The holidays are the ideal time to put away the protein shakes, the sprouted tortillas and the egg-white omelets and celebrate togetherness by reveling in some luxurious carbohydrates. My mother is known for putting everyone out into a sleepy stupor after her lavish dinners. Here is a photo to give you an idea of what I mean:
Perhaps some of you are searching through dog-eared recipes in old cookbooks for a tried-and-true stuffing recipe or browsing the Web for a new dish to spice up your holiday table. The following two Middle Eastern recipes celebrate both old and new traditions in my family in the form of carbs. After all, if you’re going to splurge, why not make a side dish using high-quality ingredients with maximum flavor?
Hashwa is the Arabic word for “stuffing.” This recipe is more than a century old, yet still very versatile for today’s palate.
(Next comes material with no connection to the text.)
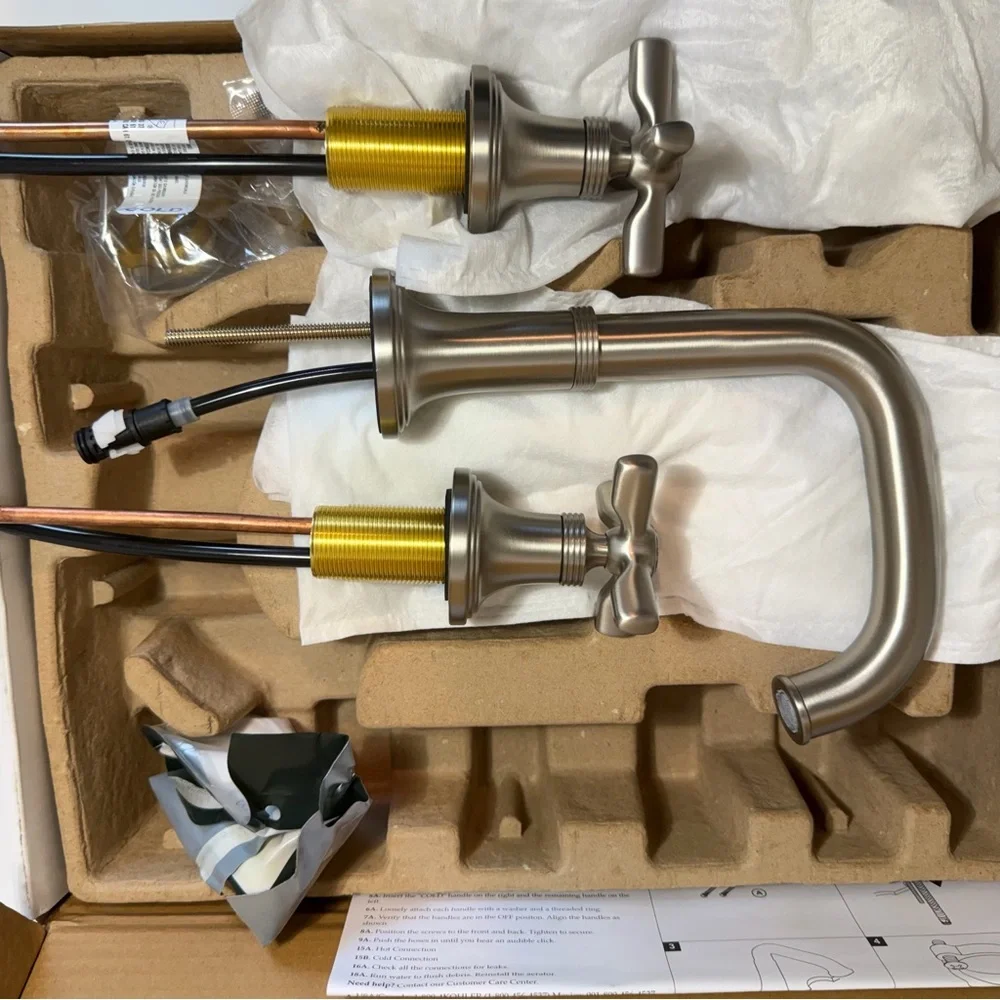 Kohler Paces 8 in. Widespread Double Handle Bathroom Faucet with Cross Handles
For Thanksgiving, my mother would stuff Cornish game hens or turkey with Hashwa instead of traditional bread stuffing. This meat-and rice-based dish is great as a side or stuffing for game or vegetables like tomatoes, squash, zucchini or even grape leaves simmered in a tomato-kissed broth.
The addition of aromatic spices – allspice, turmeric and nutmeg – sets Hashwa apart from other rice-based dishes, as do the crunchy, pan-fried nuts that go on top. Pine nuts are the traditional topping, but my mother used slivered almonds when pine nuts weren’t available. Middle Eastern home cooks traditionally like to use Uncle Ben’s or converted rice because the rice turns out fluffier, but jasmine or even basmati rice will do. So if you are feeling adventurous, here is your ingredient list and and instructions, now grab your grocery bag to get the easy to find ingredients, and let me know how it goes! Check out my latest video to give you step by step instructions:
3/4 pounds lamb, finely chopped
1 tbs butter
1/2 onion, finely diced
3 cloves garlic, minced
1 teaspoon salt
1/4 teaspoon nutmeg
1 teaspoon ground allspice
1 cups rice (like Jasmine)
1 3/4 cups chicken broth
1 tablespoons olive oil
11/4 cup each pine nuts, slivered almonds or a mixture of both
To make stuffing:
Soak rice for about 30 minutes. This will make the rice fluffier. In the meantime, brown the lamb in olive oil. Add onion, garlic, salt, nutmeg and allspice. Saute until lamb is browned. Set aside. Now time to prepare the rice. Add the butter to a saucepan, and stir in rice, salt to taste, and a dash of turmeric. Then add the chicken broth. Once mixture starts boiling cover, reduce heat to low, and simmer for about 25 minutes or until liquid is absorbed by the rice.
In a separate skillet, add 2 tablespoons olive oil to nuts and sauté until golden brown. To serve as a side dish, plate the rice, and top with the meat, then the nuts. To stuff a bird, mix everything together so the flavors and textures are evenly distributed.